On this past September 25th, Marion County Sheriff’s deputies picked Butler up from federal authorities in Terre Haute and delivered him back to Indianapolis where he began serving his last sixteen months of probation for conviction on a gun charge related to shots fired at an IMPD officer last year.
Five days later, Marion County authorities issued an arrest warrant for Butler for violation of that probation.
On October 20th, Butler was shot to death and his friend Tigron Davis, 20, was wounded in the 3200 block of Forest Manor Avenue.
Both men were on probation at the time of the shooting.
This week IMPD announced that it had arrested Jaylen Smith, 18, for the murder of a young mother in Castleton October 11th.
At the time of his arrest, Smith was in violation of probation for a previous gun charge and had another firearms possession case pending.
In August, IMPD homicide detectives arrested Sammy Tinnin, 27, for the killing of a man at a fast food restaurant in the 2500 block of North Emerson Avenue.
At the time of his arrest, Tinnin was facing an active arrest warrant for violation of probation related to a 2017 firearms conviction.
Fraternal Order of Police #86 President Rick Snyder said IMPD officers often discover familiar names when reading Indianapolis’ daily homicide reports.
“They keep arresting and re-arresting the same people,” said Snyder. “Today they could be the suspect.
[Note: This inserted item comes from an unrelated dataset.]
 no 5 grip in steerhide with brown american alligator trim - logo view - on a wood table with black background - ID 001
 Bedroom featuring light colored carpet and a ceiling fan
Tomorrow they could be the victim. And that’s the concern that the number of times that our officers are standing over somebody lying in the middle of street and deceased. ‘What are we doing here? I just locked this person up in the last two weeks and now they’re here.’ How does that happen? And a lot of times what they locked them up for were for crimes of violence where they should have been held long enough for true intervention to occur.”
That type of intervention is what ex-offenders, parolees, probationers and defendants on pre-trial release can expect to find at PACE, Public Advocates in Community Re-Entry.
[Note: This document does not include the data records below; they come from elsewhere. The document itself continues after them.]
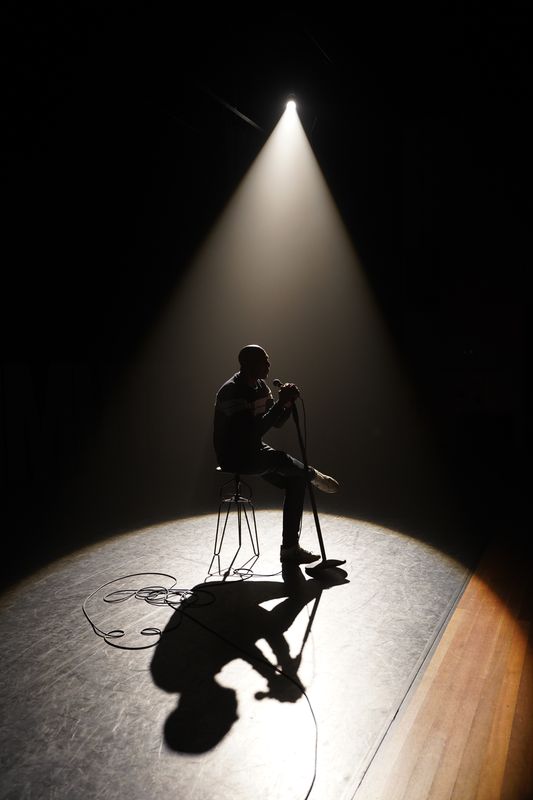 Man zittend op een stoel op een geheel donker podium met één spotlight op hem gericht.  De schaduw van zijn profiel zichtbaar op de grond. 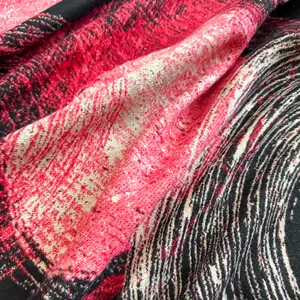 Close-up of thick winter shawl fabric with red, black, and white cashmere-like texture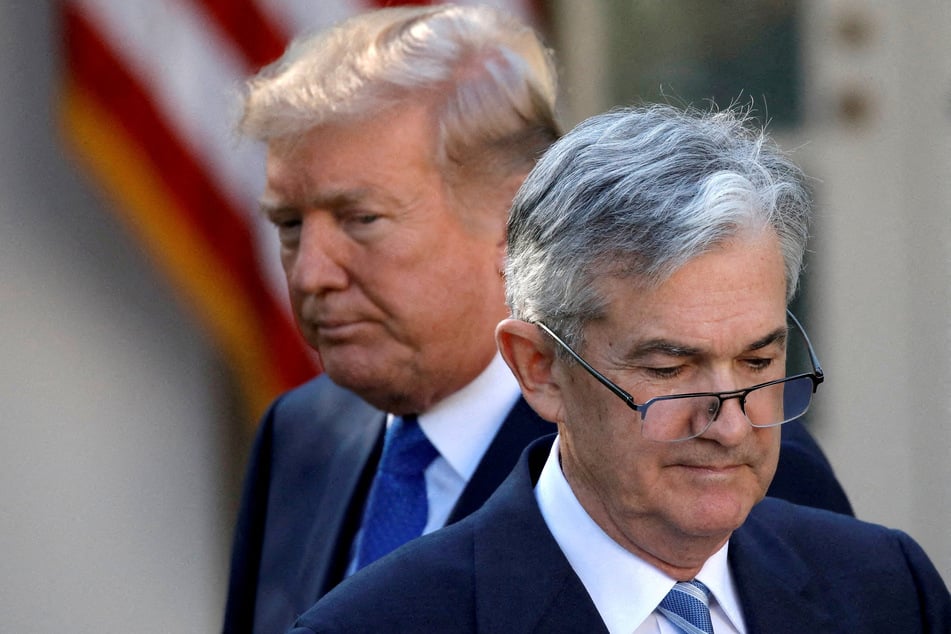 President Donald Trump (behind) has repeatedly insulted Federal Reserve Chair Jerome Powell over the decision not to lower interest rates.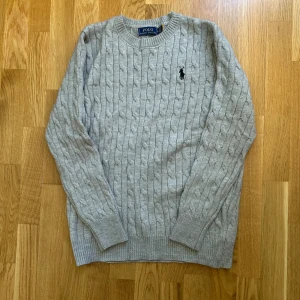 Grå kabelstickad tröja Polo Ralph Lauren - Kabelstickad grå tröja från Polo Ralph Lauren med klassisk rund halsringning och broderad svart logga på bröstet. Tröjan är långärmad och har ribbade muddar vid ärmslut och nederkant. Perfekt för lager-på-lager under kyliga dagar.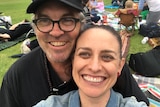 A couple smiling to the camera (selfie) sitting at an outdoor picnic.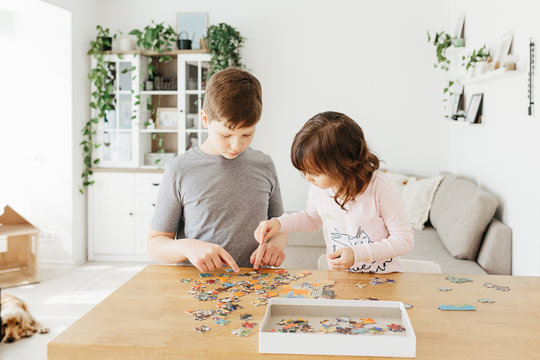 Brother and sister playing puzzles at home. Stay at home activity for kids.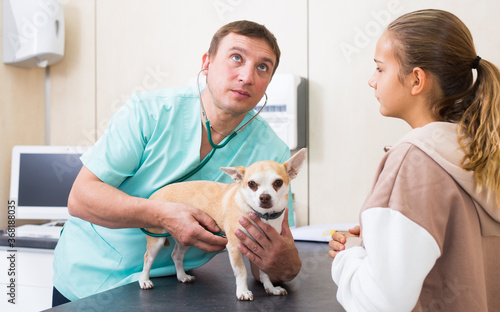 Upset girl with dog consulting by veterinarian. High quality photo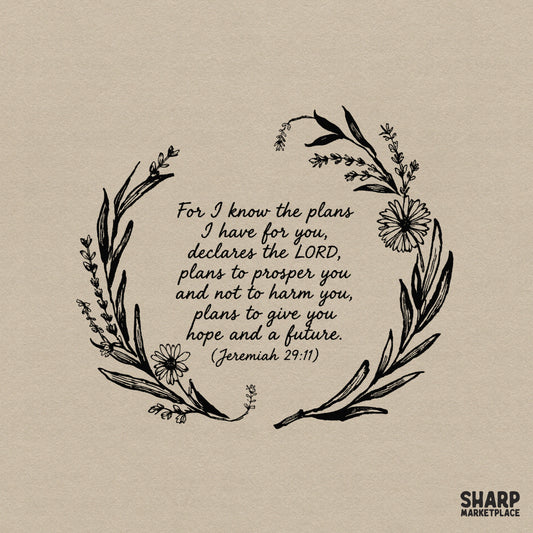 Black and white Jeremiah 29:11 scripture design featuring elegant cursive and block lettering framed by a delicate botanical wildflower wreath.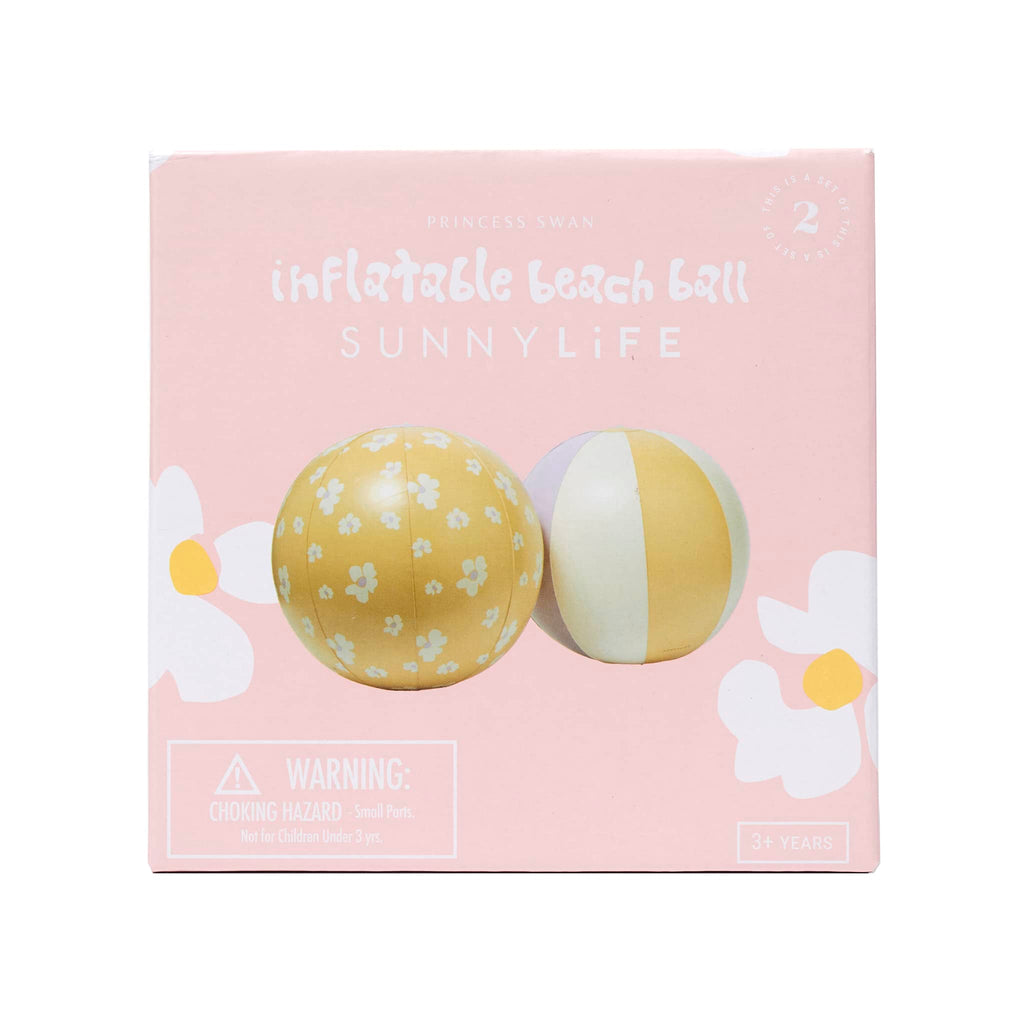 Sunnylife Princess Swan Inflatable Beach Balls, set of 2, one is pale orange with white flowers, the other is pink, white and orange striped, in pink box packaging, front view.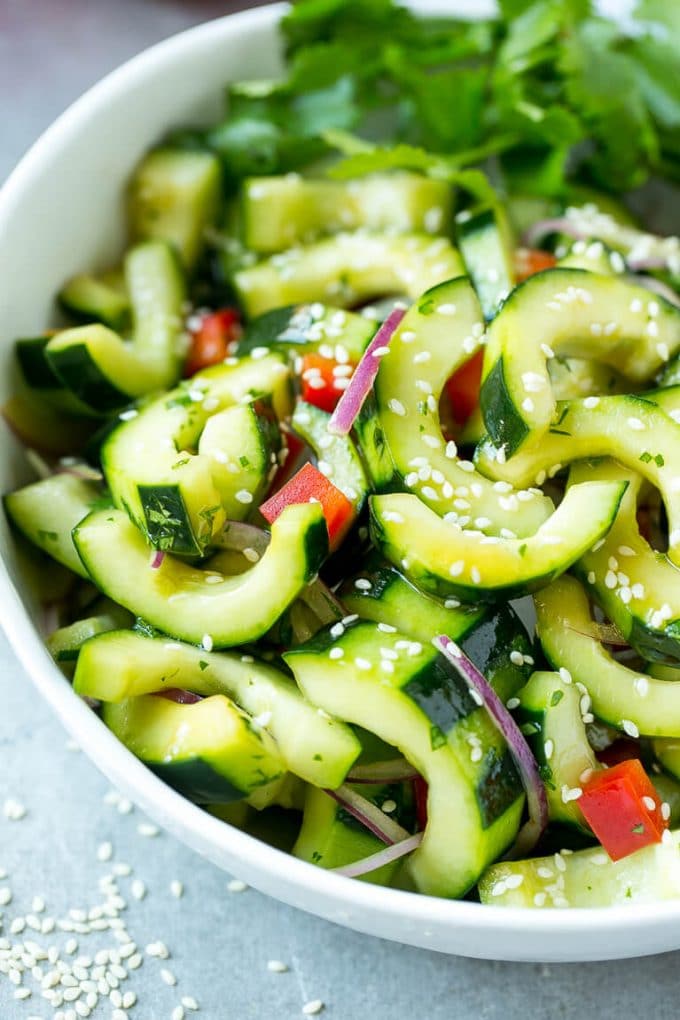 A bowl of Asian cucumber salad with dressing and sesame seeds on top.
“You come here, get educated, your actions will change,” said Peer Recovery Coach Sharon Rucker. “When you’re taken away from society for a significant amount of years and prior to that the lifestyle that you led was all criminally involved, that transition is going to be very difficult.
“It has to be within their first 14 days. The first two weeks you really have to grab a person right there to get their attention to understand that they are entering back into unchartered waters and they’re going to need some assistance.”
PACE offers addiction recovery services, clean needle exchange, resume and job skills counseling and referrals and career workshops along with GED classes and continuing support.
“This program has no end date so if you stumble and you fall, the doors will always remain open,” said Rucker.
Donzae Wallace, 24, has taken advantage of PACE support while working his way out of some teenage trouble that landed him behind bars.
“So I had to learn the hard way,” said Wallace. “I got out and then I violated probation and house arrest and then I go back and get back out and I go back in and I go back out.
“Coming up here to PACE, they were really just a positive influence on me to show me and teach me that I could do things in a positive manner.
“I’m saying this for anybody on house arrest or probation of anything, if you got a probation officer or house arrest officer, if you do what they want you to do, they want you to succeed in life. They want you to get a job and be productive. They don’t want you to fail.
“Anybody who’s on house arrest or probation, if you listen to your probation officer and just listen to the advice that they give you, they really want to see you succeed in life.”
Snyder said he’s been frustrated by Marion County’s inability to collect data on probation violators and their propensity to commit crimes.
“The city and the county can tell me how many people they put on probation or parole. They cannot tell me how many violate that,” he said. “How can we not have a system that when you get arrested and you’ve been put on probation, you’re out on conditional release and I arrest you tonight and how can we not have a system that says you are on conditional release and should not be let back out?”
At more than 4000 clients, Marion County Community Corrections has more offenders on home detention status than another municipality in the United States.